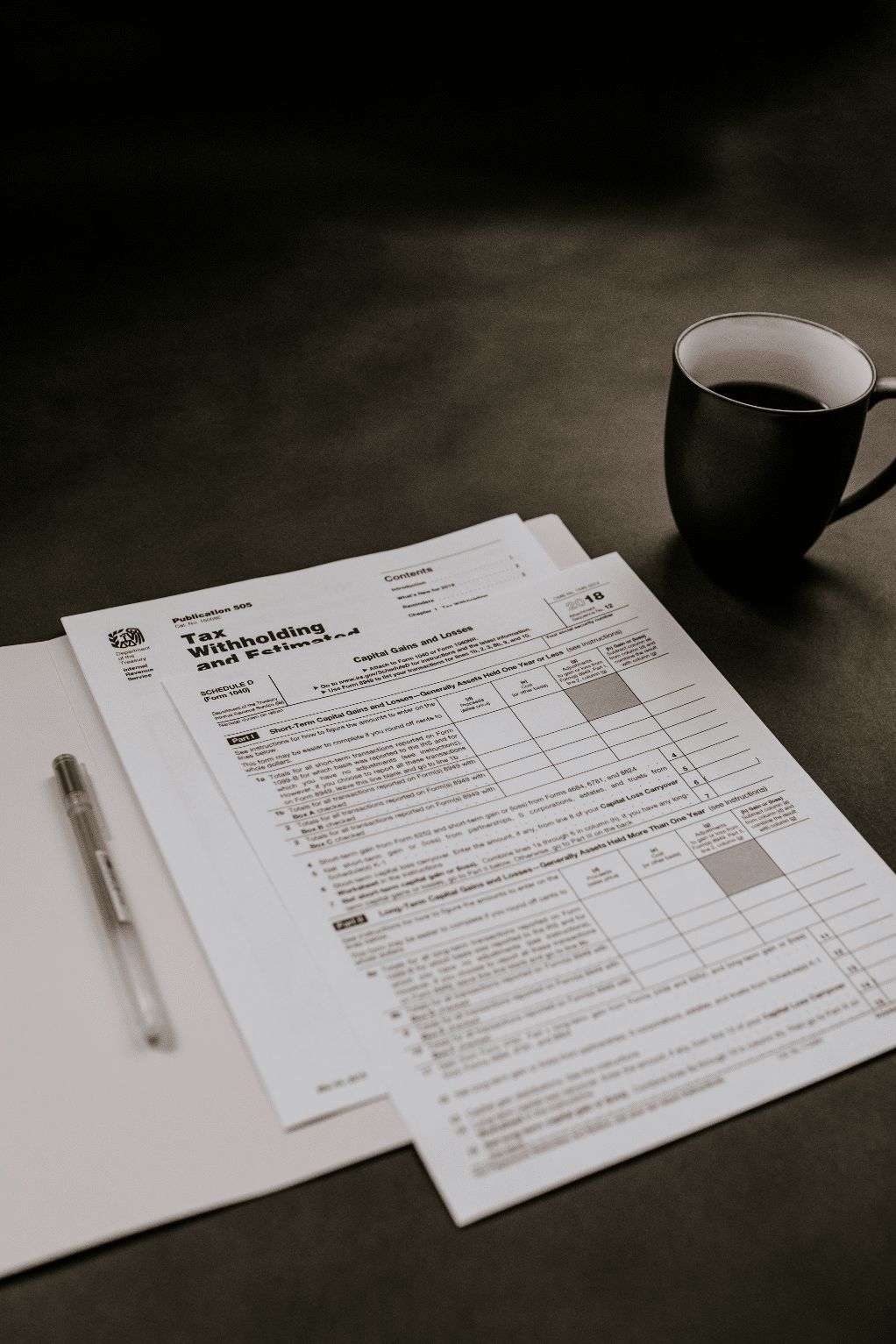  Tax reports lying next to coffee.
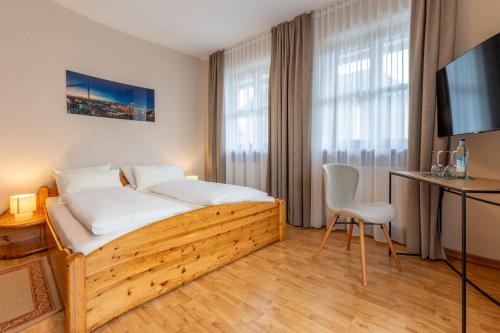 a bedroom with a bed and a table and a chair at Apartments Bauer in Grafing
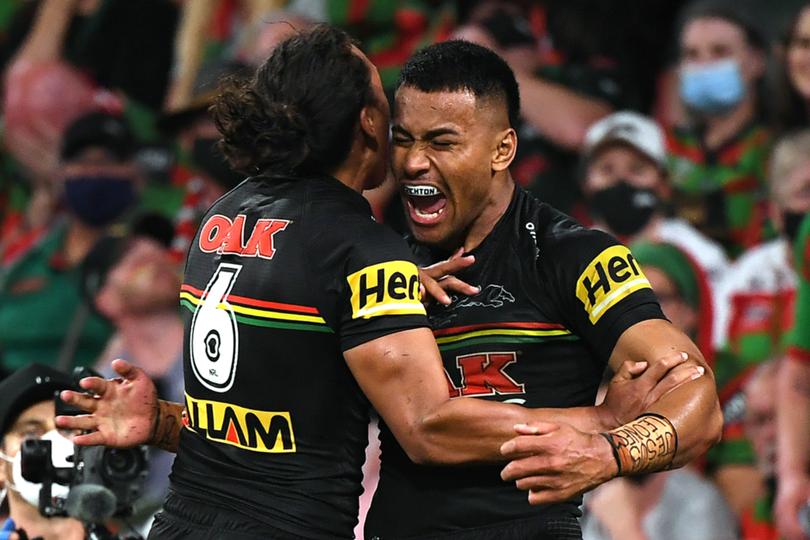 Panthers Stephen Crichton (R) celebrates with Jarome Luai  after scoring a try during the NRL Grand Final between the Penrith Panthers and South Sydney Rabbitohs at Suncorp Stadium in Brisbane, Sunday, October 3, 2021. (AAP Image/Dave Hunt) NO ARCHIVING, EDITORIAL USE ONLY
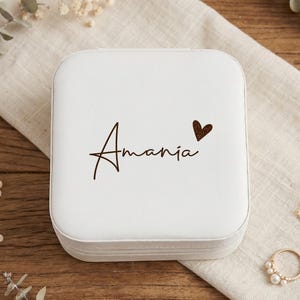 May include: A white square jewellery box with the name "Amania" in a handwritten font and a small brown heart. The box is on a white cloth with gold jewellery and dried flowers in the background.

# # #

EXERCISE:
Pictures are to be left out; otherwise, retype exactly the lines from the first line of the data through the line containing "Panthers Stephen Crichton".

SOLVED PROBLEM:
  Tax reports lying next to coffee.
 a bedroom with a bed and a table and a chair at Apartments Bauer in Grafing
 Panthers Stephen Crichton (R) celebrates with Jarome Luai  after scoring a try during the NRL Grand Final between the Penrith Panthers and South Sydney Rabbitohs at Suncorp Stadium in Brisbane, Sunday, October 3, 2021. (AAP Image/Dave Hunt) NO ARCHIVING, EDITORIAL USE ONLY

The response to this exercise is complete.